A high-profile ruling about a subpoena from the House committee investigating the Jan. 6 attack turned on a lower standard of proof than a criminal trial.

WASHINGTON — A federal judge’s conclusion this week that former President Donald J. Trump likely committed felonies related to his efforts to overturn the results of the 2020 election intensified scrutiny on the question of whether the Justice Department can, should or will try to charge him with the same crimes.

But the fact that a judge reached that conclusion does not necessarily mean that a prosecution would arrive at the same outcome. Here is an explanation.

It is a dispute over a subpoena issued by the House committee that is investigating the Jan. 6, 2021, attack on the Capitol by Trump supporters who were seeking to stop Congress and the vice president at the time, Mike Pence, from certifying Joseph R. Biden Jr.’s Electoral College victory.

The subpoena instructs Chapman University to turn over emails from a former professor, John Eastman, who supplied legal arguments to Mr. Trump supporting his attempts to overturn the election. Mr. Eastman filed a lawsuit to block the subpoena, arguing that his messages were covered by attorney-client and attorney work-product privilege.

In his ruling, Judge David O. Carter of the Federal District Court for the Central District of California said the Jan. 6 committee could get certain emails under an exception to attorney-client privilege for communications that sought to further a crime or fraud because it was “more likely than not” that Mr. Trump unlawfully sought to obstruct a government proceeding.

Mr. Trump, in public and in private, pressured Mr. Pence to reject or delay counting the Electoral College votes of states where Mr. Trump baselessly claimed that his loss to Mr. Biden had been fraudulent. The idea is that there was no legitimate basis for Mr. Pence to do so, so Mr. Trump’s pressure on him amounted to an attempt to unlawfully obstruct a government proceeding and defraud the government.

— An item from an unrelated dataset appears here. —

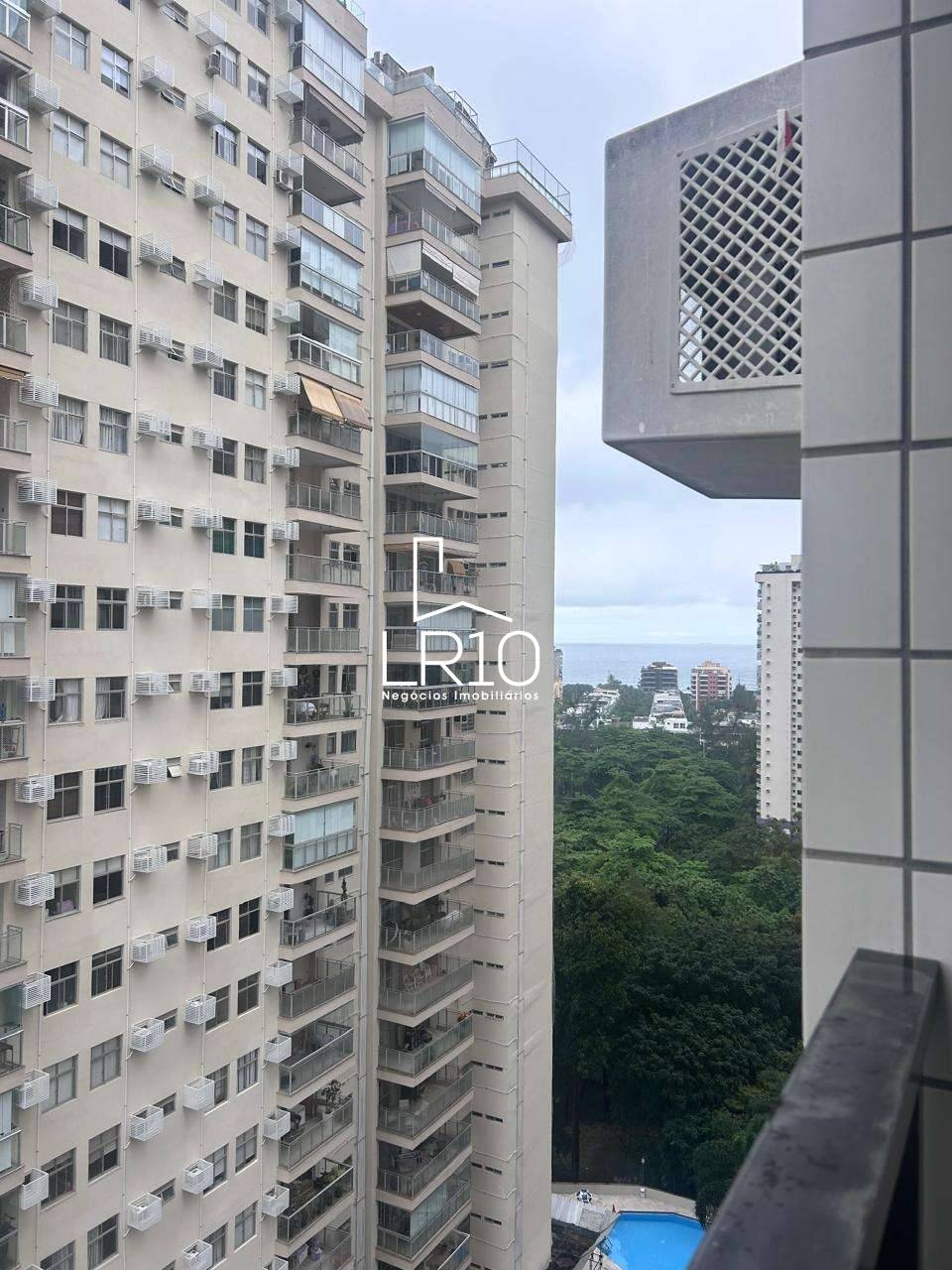 Apartamento reformado no condomínio Barra D’oro - LR10 Negócios Imobiliários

The evidence that Mr. Trump pressured Mr. Pence has been well established. The judge issued his ruling interpreting that evidence as likely amounting to a crime at this moment not because of a breakthrough in the investigation that uncovered new, conclusive evidence, but because of the timing of the subpoena lawsuit: The Jan. 6 committee needed to publicly argue that the crime-fraud exception applied so it could obtain Mr. Eastman’s emails, and the judge agreed.

Not necessarily, because the context is very different. As Judge Carter noted: “The court is tasked only with deciding a dispute over a handful of emails. This is not a criminal prosecution; this is not even a civil liability suit.”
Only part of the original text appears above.